The most important reason why glibc should not be statically linked, is that it makes extensive internal use of dlopen
, to load NSS (Name Service Switch) modules and iconv
conversions. The modules themselves refer to C library functions. If the main program is dynamically linked with the C library, that's no problem. But if the main program is statically linked with the C library, dlopen
has to go load a second copy of the C library to satisfy the modules' load requirements.
This means your "statically linked" program still needs a copy of libc.so.6
to be present on the file system, plus the NSS or iconv
or whatever modules themselves, plus other dynamic libraries that the modules might need, like ld-linux.so.2
, libresolv.so.2
, etc. This is not what people usually want when they statically link programs.

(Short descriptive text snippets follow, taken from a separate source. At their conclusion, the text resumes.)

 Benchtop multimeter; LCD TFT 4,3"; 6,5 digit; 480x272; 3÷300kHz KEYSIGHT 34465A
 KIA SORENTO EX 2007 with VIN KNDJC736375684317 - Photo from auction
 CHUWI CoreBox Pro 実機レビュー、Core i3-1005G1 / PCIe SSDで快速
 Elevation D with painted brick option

It also means the statically linked program has two copies of the C library in its address space, and they might fight over whose stdout
buffer is to be used, who gets to call sbrk
with a nonzero argument, that sort of thing. There is a bunch of defensive logic inside glibc to try to make this work, but it's never been guaranteed to work.

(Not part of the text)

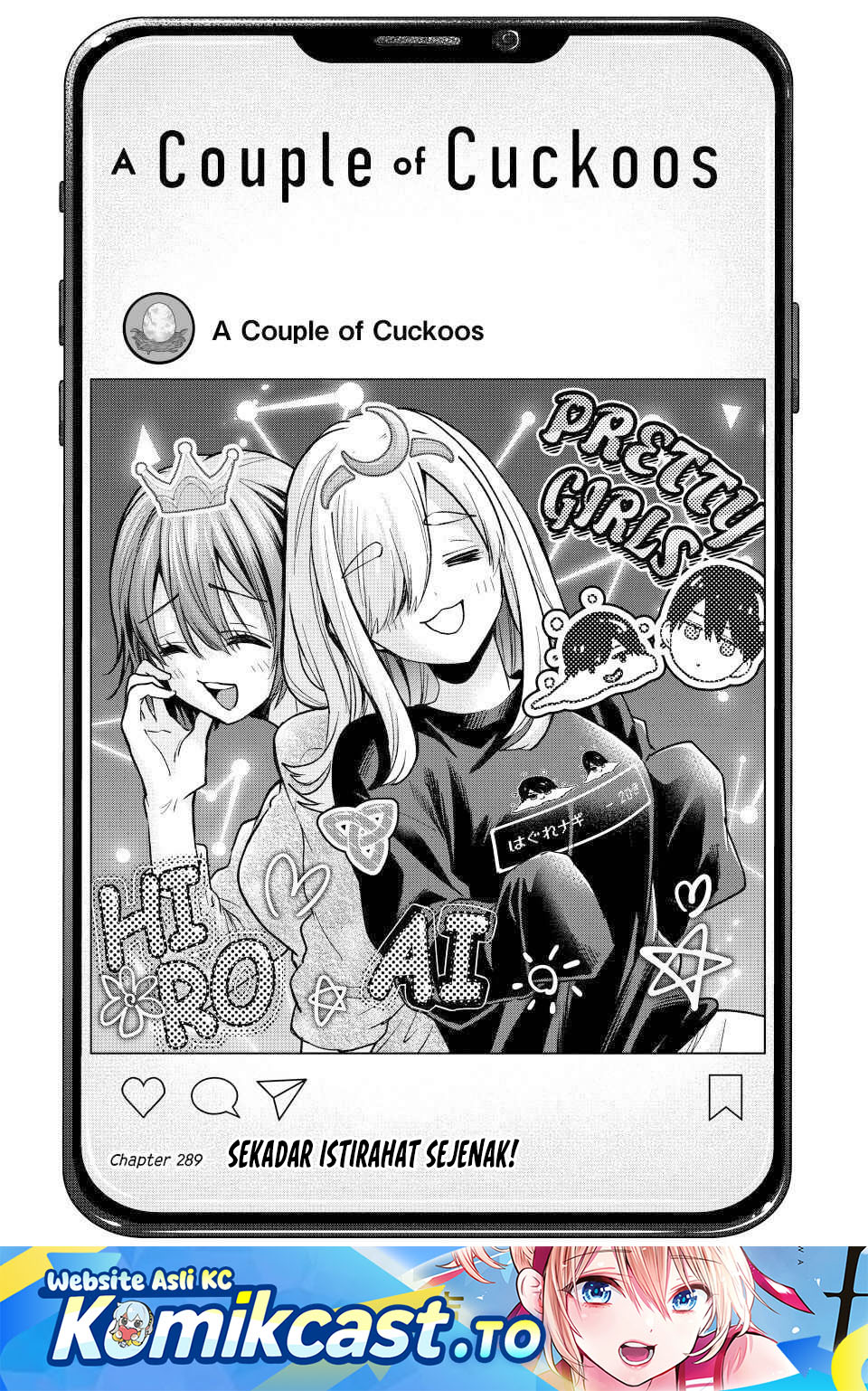 The Cuckoo's Fiancee Chapter 289 - Page 2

You might think your program doesn't need to worry about this because it doesn't ever call getaddrinfo
or iconv
, but locale support uses iconv
internally, which means any stdio.h
function might trigger a call to dlopen
, and you don't control this, the user's environment variable settings do.
And if your program does call iconv
, for example, then things get even worse, especially when a “statically linked” executable is built on one distro, and then copied to another. The iconv
modules are sometimes located in different places on different distros, so an executable that was built, say, on a Red Hat distro may fail to run properly on a Debian one, which is exactly the opposite of what people want from statically linked executables.
The program/glibc
interface is standardized and documented by POSIX, the C and C++ standards, and others. For example, the fopen()
function behaves per the C standard, and pthread_mutex_lock()
per POSIX.
The glibc
/kernel interface is not standardized. Does fopen()
use open()
under the hood? Or does it use openat()
? Or something else? What will it use next year? You don't know.
If the glibc
/kernel interface changes, a program that uses whatever changed but statically links glibc
won't work any more.
15+ years ago, Solaris removed all static versions of libc
for this very reason.
Static Linking - where did it go?
With Solaris 10 you can no longer build a static executable. It's not that ld(1) doesn't allow static linking, or using archives, it's just that libc.a, the archive version of libc.so.1, is no longer provided. This library provides the interfaces between user land and the kernel, and without this library it is rather hard to create any form of application.
We've been warning users against static linking for some time now, and linking against libc.a has been especially problematic. Every solaris release, or update (even some patches) has resulted in some application that was built against libc.a, failing. The problem is that libc is supposed to isolate an application from the user/kernel boundary, a boundary which can undergo changes from release to release.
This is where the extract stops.